═══ Data section
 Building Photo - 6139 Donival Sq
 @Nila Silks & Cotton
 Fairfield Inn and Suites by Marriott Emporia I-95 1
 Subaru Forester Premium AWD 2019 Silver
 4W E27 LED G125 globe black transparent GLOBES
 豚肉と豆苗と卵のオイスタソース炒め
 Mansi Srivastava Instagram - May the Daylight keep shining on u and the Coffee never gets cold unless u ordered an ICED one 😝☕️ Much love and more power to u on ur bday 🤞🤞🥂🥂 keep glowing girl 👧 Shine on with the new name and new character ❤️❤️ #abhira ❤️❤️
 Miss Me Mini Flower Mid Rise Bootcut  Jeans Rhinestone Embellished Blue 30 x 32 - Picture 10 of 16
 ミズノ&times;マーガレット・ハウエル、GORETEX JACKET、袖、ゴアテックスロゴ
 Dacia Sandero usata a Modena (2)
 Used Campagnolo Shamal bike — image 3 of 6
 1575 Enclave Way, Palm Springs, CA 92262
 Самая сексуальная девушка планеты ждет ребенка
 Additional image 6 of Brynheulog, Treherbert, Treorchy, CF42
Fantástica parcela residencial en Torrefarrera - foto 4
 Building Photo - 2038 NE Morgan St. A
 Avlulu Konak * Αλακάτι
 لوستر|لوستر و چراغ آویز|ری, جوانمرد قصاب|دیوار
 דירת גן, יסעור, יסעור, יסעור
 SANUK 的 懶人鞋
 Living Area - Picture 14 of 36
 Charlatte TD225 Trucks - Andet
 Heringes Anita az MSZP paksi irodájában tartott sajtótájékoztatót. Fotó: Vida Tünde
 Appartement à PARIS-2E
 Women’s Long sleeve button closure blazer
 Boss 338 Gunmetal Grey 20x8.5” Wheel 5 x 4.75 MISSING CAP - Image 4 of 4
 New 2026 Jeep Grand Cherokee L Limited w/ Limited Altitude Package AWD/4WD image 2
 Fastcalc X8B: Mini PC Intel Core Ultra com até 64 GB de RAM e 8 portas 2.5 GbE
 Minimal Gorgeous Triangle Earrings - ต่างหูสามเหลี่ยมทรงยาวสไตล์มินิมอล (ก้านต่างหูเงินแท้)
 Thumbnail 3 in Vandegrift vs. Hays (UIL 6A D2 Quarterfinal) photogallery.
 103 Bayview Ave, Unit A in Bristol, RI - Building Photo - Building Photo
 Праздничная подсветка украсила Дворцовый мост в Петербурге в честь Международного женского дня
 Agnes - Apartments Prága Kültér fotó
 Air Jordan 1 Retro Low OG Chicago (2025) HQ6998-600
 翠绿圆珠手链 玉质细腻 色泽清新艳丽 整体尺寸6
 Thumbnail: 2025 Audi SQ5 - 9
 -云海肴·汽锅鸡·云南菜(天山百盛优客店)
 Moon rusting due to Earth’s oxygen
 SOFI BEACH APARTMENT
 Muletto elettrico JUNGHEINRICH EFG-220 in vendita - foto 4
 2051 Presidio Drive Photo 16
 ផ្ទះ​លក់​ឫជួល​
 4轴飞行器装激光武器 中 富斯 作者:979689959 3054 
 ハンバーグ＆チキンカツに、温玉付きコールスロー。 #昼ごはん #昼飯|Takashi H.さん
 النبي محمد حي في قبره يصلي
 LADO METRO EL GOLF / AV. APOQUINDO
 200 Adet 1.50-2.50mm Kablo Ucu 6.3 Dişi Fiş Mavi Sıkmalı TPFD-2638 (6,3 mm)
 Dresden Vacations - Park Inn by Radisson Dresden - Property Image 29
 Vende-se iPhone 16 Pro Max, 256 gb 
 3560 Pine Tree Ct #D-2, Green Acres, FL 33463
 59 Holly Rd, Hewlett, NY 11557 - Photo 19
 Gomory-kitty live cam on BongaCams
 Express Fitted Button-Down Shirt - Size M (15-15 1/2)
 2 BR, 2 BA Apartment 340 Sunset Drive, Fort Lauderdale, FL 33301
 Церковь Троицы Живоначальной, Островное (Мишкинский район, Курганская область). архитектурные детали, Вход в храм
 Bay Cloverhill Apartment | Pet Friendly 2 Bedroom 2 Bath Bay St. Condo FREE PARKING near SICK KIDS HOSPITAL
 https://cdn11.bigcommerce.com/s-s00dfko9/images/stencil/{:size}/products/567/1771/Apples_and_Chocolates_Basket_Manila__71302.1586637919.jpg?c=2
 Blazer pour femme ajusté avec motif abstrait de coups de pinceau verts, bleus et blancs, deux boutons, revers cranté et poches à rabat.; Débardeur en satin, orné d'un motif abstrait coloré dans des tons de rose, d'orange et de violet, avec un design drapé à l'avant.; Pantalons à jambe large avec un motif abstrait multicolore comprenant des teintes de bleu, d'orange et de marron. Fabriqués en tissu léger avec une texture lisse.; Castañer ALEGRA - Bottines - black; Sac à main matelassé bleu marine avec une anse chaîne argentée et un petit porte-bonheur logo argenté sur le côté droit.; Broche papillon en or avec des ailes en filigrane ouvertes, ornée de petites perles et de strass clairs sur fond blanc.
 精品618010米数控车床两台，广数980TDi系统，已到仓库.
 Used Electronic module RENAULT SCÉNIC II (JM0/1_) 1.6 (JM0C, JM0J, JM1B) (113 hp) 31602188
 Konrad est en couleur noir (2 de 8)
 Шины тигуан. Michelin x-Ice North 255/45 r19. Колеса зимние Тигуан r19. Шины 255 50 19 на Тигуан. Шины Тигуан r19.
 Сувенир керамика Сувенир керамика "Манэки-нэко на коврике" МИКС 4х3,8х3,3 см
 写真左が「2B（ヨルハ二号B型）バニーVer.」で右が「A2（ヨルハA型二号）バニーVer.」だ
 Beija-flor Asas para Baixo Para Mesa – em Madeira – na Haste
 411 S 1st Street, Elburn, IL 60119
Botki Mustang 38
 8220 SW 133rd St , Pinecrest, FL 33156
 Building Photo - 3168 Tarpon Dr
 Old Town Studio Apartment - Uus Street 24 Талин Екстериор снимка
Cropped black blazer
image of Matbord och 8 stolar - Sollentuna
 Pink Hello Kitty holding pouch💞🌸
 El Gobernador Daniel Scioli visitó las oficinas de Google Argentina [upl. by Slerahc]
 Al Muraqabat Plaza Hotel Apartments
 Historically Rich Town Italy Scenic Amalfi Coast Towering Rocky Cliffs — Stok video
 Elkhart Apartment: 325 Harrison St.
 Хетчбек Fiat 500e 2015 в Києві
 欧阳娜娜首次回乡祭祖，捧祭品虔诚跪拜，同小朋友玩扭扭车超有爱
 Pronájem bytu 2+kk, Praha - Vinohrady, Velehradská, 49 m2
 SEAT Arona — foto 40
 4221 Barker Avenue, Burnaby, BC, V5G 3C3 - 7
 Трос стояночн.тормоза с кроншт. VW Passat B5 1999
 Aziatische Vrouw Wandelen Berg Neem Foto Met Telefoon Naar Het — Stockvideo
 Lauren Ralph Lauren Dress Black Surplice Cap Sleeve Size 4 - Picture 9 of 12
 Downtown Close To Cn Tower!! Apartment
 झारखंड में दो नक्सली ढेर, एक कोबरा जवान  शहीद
══════
Task statement
What is needed is an exact copy of all the records.

Result of this task
 Building Photo - 6139 Donival Sq
 @Nila Silks & Cotton
 Fairfield Inn and Suites by Marriott Emporia I-95 1
 Subaru Forester Premium AWD 2019 Silver
 4W E27 LED G125 globe black transparent GLOBES
 豚肉と豆苗と卵のオイスタソース炒め
 Mansi Srivastava Instagram - May the Daylight keep shining on u and the Coffee never gets cold unless u ordered an ICED one 😝☕️ Much love and more power to u on ur bday 🤞🤞🥂🥂 keep glowing girl 👧 Shine on with the new name and new character ❤️❤️ #abhira ❤️❤️
 Miss Me Mini Flower Mid Rise Bootcut  Jeans Rhinestone Embellished Blue 30 x 32 - Picture 10 of 16
 ミズノ&times;マーガレット・ハウエル、GORETEX JACKET、袖、ゴアテックスロゴ
 Dacia Sandero usata a Modena (2)
 Used Campagnolo Shamal bike — image 3 of 6
 1575 Enclave Way, Palm Springs, CA 92262
 Самая сексуальная девушка планеты ждет ребенка
 Additional image 6 of Brynheulog, Treherbert, Treorchy, CF42
Fantástica parcela residencial en Torrefarrera - foto 4
 Building Photo - 2038 NE Morgan St. A
 Avlulu Konak * Αλακάτι
 لوستر|لوستر و چراغ آویز|ری, جوانمرد قصاب|دیوار
 דירת גן, יסעור, יסעור, יסעור
 SANUK 的 懶人鞋
 Living Area - Picture 14 of 36
 Charlatte TD225 Trucks - Andet
 Heringes Anita az MSZP paksi irodájában tartott sajtótájékoztatót. Fotó: Vida Tünde
 Appartement à PARIS-2E
 Women’s Long sleeve button closure blazer
 Boss 338 Gunmetal Grey 20x8.5” Wheel 5 x 4.75 MISSING CAP - Image 4 of 4
 New 2026 Jeep Grand Cherokee L Limited w/ Limited Altitude Package AWD/4WD image 2
 Fastcalc X8B: Mini PC Intel Core Ultra com até 64 GB de RAM e 8 portas 2.5 GbE
 Minimal Gorgeous Triangle Earrings - ต่างหูสามเหลี่ยมทรงยาวสไตล์มินิมอล (ก้านต่างหูเงินแท้)
 Thumbnail 3 in Vandegrift vs. Hays (UIL 6A D2 Quarterfinal) photogallery.
 103 Bayview Ave, Unit A in Bristol, RI - Building Photo - Building Photo
 Праздничная подсветка украсила Дворцовый мост в Петербурге в честь Международного женского дня
 Agnes - Apartments Prága Kültér fotó
 Air Jordan 1 Retro Low OG Chicago (2025) HQ6998-600
 翠绿圆珠手链 玉质细腻 色泽清新艳丽 整体尺寸6
 Thumbnail: 2025 Audi SQ5 - 9
 -云海肴·汽锅鸡·云南菜(天山百盛优客店)
 Moon rusting due to Earth’s oxygen
 SOFI BEACH APARTMENT
 Muletto elettrico JUNGHEINRICH EFG-220 in vendita - foto 4
 2051 Presidio Drive Photo 16
 ផ្ទះ​លក់​ឫជួល​
 4轴飞行器装激光武器 中 富斯 作者:979689959 3054 
 ハンバーグ＆チキンカツに、温玉付きコールスロー。 #昼ごはん #昼飯|Takashi H.さん
 النبي محمد حي في قبره يصلي
 LADO METRO EL GOLF / AV. APOQUINDO
 200 Adet 1.50-2.50mm Kablo Ucu 6.3 Dişi Fiş Mavi Sıkmalı TPFD-2638 (6,3 mm)
 Dresden Vacations - Park Inn by Radisson Dresden - Property Image 29
 Vende-se iPhone 16 Pro Max, 256 gb 
 3560 Pine Tree Ct #D-2, Green Acres, FL 33463
 59 Holly Rd, Hewlett, NY 11557 - Photo 19
 Gomory-kitty live cam on BongaCams
 Express Fitted Button-Down Shirt - Size M (15-15 1/2)
 2 BR, 2 BA Apartment 340 Sunset Drive, Fort Lauderdale, FL 33301
 Церковь Троицы Живоначальной, Островное (Мишкинский район, Курганская область). архитектурные детали, Вход в храм
 Bay Cloverhill Apartment | Pet Friendly 2 Bedroom 2 Bath Bay St. Condo FREE PARKING near SICK KIDS HOSPITAL
 https://cdn11.bigcommerce.com/s-s00dfko9/images/stencil/{:size}/products/567/1771/Apples_and_Chocolates_Basket_Manila__71302.1586637919.jpg?c=2
 Blazer pour femme ajusté avec motif abstrait de coups de pinceau verts, bleus et blancs, deux boutons, revers cranté et poches à rabat.; Débardeur en satin, orné d'un motif abstrait coloré dans des tons de rose, d'orange et de violet, avec un design drapé à l'avant.; Pantalons à jambe large avec un motif abstrait multicolore comprenant des teintes de bleu, d'orange et de marron. Fabriqués en tissu léger avec une texture lisse.; Castañer ALEGRA - Bottines - black; Sac à main matelassé bleu marine avec une anse chaîne argentée et un petit porte-bonheur logo argenté sur le côté droit.; Broche papillon en or avec des ailes en filigrane ouvertes, ornée de petites perles et de strass clairs sur fond blanc.
 精品618010米数控车床两台，广数980TDi系统，已到仓库.
 Used Electronic module RENAULT SCÉNIC II (JM0/1_) 1.6 (JM0C, JM0J, JM1B) (113 hp) 31602188
 Konrad est en couleur noir (2 de 8)
 Шины тигуан. Michelin x-Ice North 255/45 r19. Колеса зимние Тигуан r19. Шины 255 50 19 на Тигуан. Шины Тигуан r19.
 Сувенир керамика Сувенир керамика "Манэки-нэко на коврике" МИКС 4х3,8х3,3 см
 写真左が「2B（ヨルハ二号B型）バニーVer.」で右が「A2（ヨルハA型二号）バニーVer.」だ
 Beija-flor Asas para Baixo Para Mesa – em Madeira – na Haste
 411 S 1st Street, Elburn, IL 60119
Botki Mustang 38
 8220 SW 133rd St , Pinecrest, FL 33156
 Building Photo - 3168 Tarpon Dr
 Old Town Studio Apartment - Uus Street 24 Талин Екстериор снимка
Cropped black blazer
image of Matbord och 8 stolar - Sollentuna
 Pink Hello Kitty holding pouch💞🌸
 El Gobernador Daniel Scioli visitó las oficinas de Google Argentina [upl. by Slerahc]
 Al Muraqabat Plaza Hotel Apartments
 Historically Rich Town Italy Scenic Amalfi Coast Towering Rocky Cliffs — Stok video
 Elkhart Apartment: 325 Harrison St.
 Хетчбек Fiat 500e 2015 в Києві
 欧阳娜娜首次回乡祭祖，捧祭品虔诚跪拜，同小朋友玩扭扭车超有爱
 Pronájem bytu 2+kk, Praha - Vinohrady, Velehradská, 49 m2
 SEAT Arona — foto 40
 4221 Barker Avenue, Burnaby, BC, V5G 3C3 - 7
 Трос стояночн.тормоза с кроншт. VW Passat B5 1999
 Aziatische Vrouw Wandelen Berg Neem Foto Met Telefoon Naar Het — Stockvideo
 Lauren Ralph Lauren Dress Black Surplice Cap Sleeve Size 4 - Picture 9 of 12
 Downtown Close To Cn Tower!! Apartment
 झारखंड में दो नक्सली ढेर, एक कोबरा जवान  शहीद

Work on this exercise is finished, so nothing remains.